Works in our production environment.

benchstat output

cpu: Intel(R) Core(TM) i9-9980HK CPU @ 2.40GHz
                    │ /tmp/old.txt  │            /tmp/new.txt             │
                    │    sec/op     │   sec/op     vs base                │
CreateAttributes-16   1010.0n ± 25%   804.0n ± 7%  -20.40% (p=0.000 n=10)

                    │ /tmp/old.txt │            /tmp/new.txt            │
                    │     B/op     │    B/op     vs base                │
CreateAttributes-16    371.00 ± 0%   91.00 ± 0%  -75.47% (p=0.000 n=10)

                    │ /tmp/old.txt │            /tmp/new.txt            │
                    │  allocs/op   │ allocs/op   vs base                │
CreateAttributes-16     7.000 ± 0%   5.000 ± 0%  -28.57% (p=0.000 n=10)

Documentation:

linux-foundation-easycla · 2024-09-13T23:37:16Z

The committers listed above are authorized under a signed CLA.

✅ login: edma2 / name: Eugene Ma (9c0b9b9, 3333130, 315b11d, c570b75, 863436d, 16f3fbd, 62cfc35, b4b80d4, 2f5c758, 928529a, f184393, cf66976, f13e02a, e7ce10e, 31186a8, 185c721, f276037, dbb42e9, 8108fab, e407444)

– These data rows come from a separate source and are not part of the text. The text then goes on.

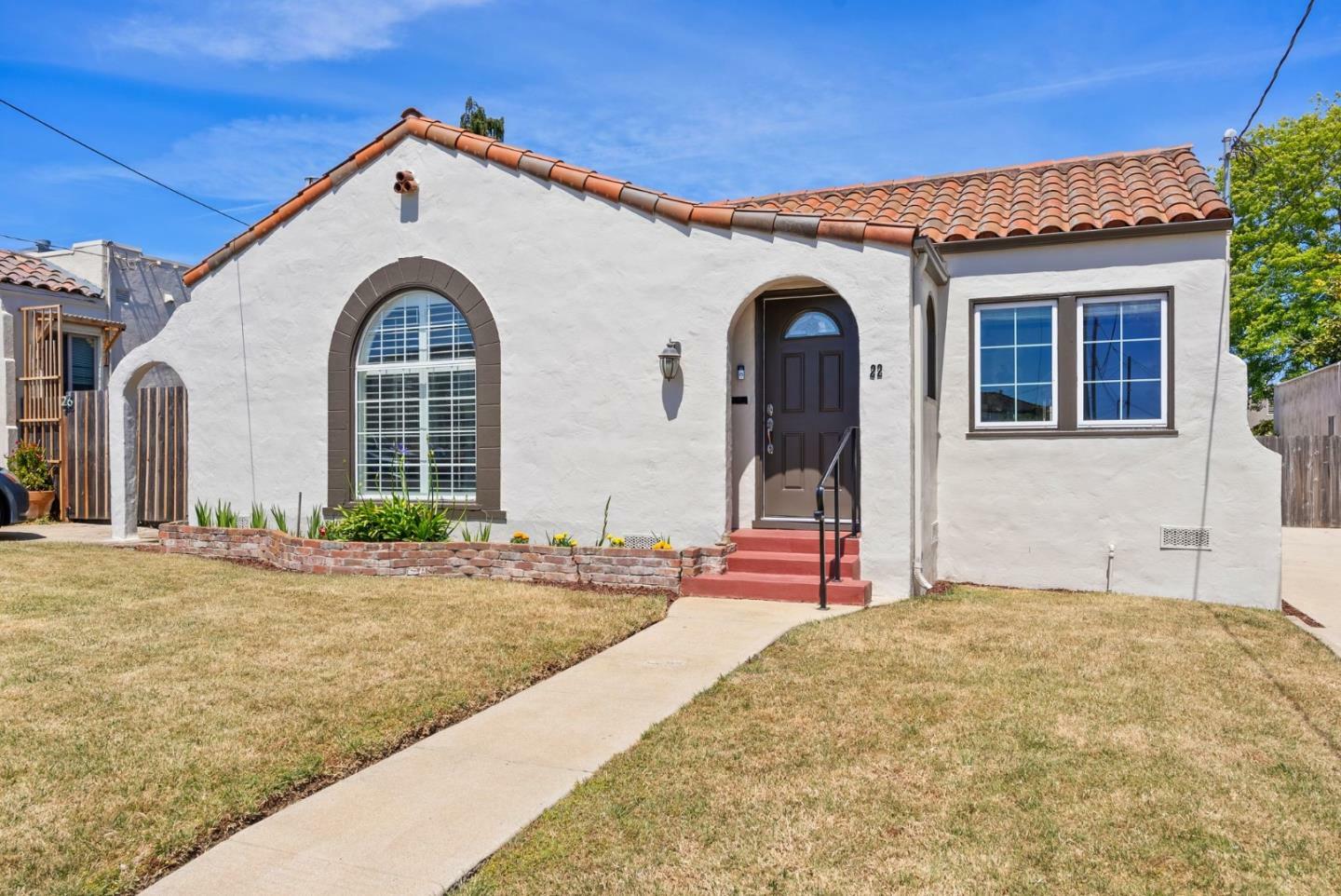 22 Roosevelt Street  Watsonville CA 95076 photo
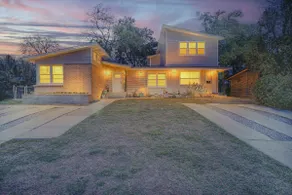 S.Lamar/DT retreat, Bachelor(ette) friendly - Image 5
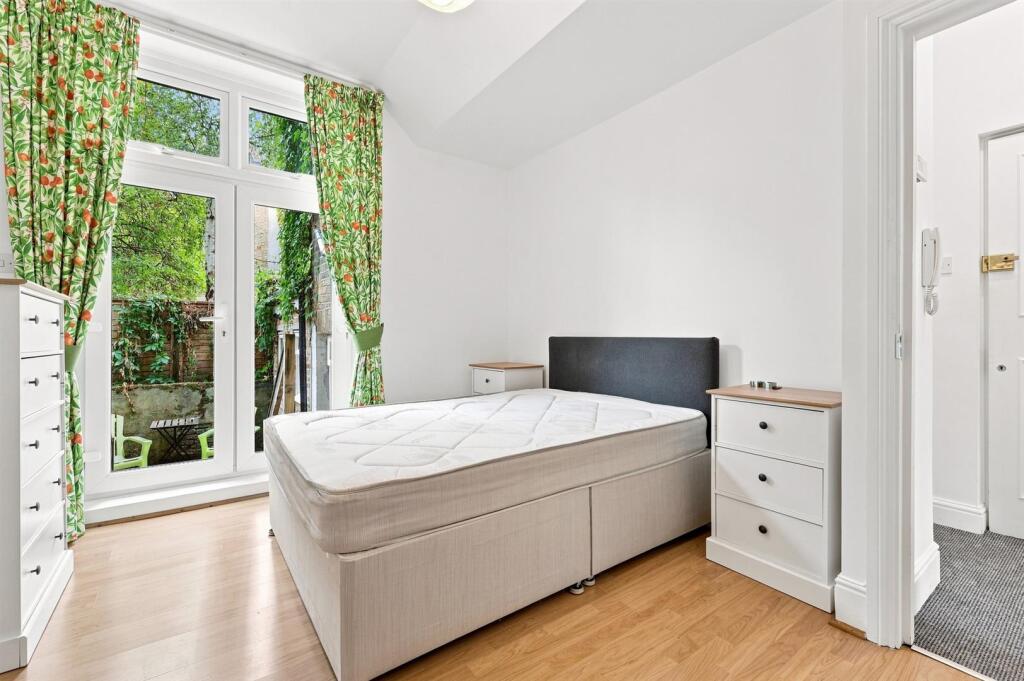 Apartment in London - View 5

dashpole · 2024-09-16T14:18:19Z

cc @jmichalek132 @ArthurSens

pkg/translator/prometheusremotewrite/metrics_to_prw.go

dashpole · 2024-09-16T14:23:56Z

pkg/translator/prometheusremotewrite/metrics_to_prw.go

+// best to keep it around for the lifetime of the Go process. Due to this shared
+// state, PrometheusConverter is NOT thread-safe and is only intended to be used by
+// a single go-routine at a time.
+// Each FromMetrics call should be followed by a Reset when the metrics can be safely


Should we emit a warning log or something if someone calls FromMetrics without Resetting?

Moved the reset to always be called inside FromMetrics so this is no longer a user concern.

Now that the user doesn't need to call reset, should we remove this part of the comment?
// Each FromMetrics call should be followed by a Reset.....

pkg/translator/prometheusremotewrite/metrics_to_prw.go

ArthurSens · 2024-09-17T05:37:05Z

Note: we don't need to synchronize access to this (e.g. sync.Pool) since the exporter is configured with 1 consumer.

We don't plan to keep this forever, right? Ideally we'll be able to shard this to improve throughput, we're just hardcoding this to 1 because OTel's exporter helper doesn't ensure ordering.

On the other hand, I agree that we shouldn't block optimizations based on something we want to do in the future 😬. @edma2, knowing that we'll eventually shard the output, any suggestions on how to do this without sacrificing your optimization?

jmichalek132 · 2024-09-24T21:32:56Z

Note: we don't need to synchronize access to this (e.g. sync.Pool) since the exporter is configured with 1 consumer.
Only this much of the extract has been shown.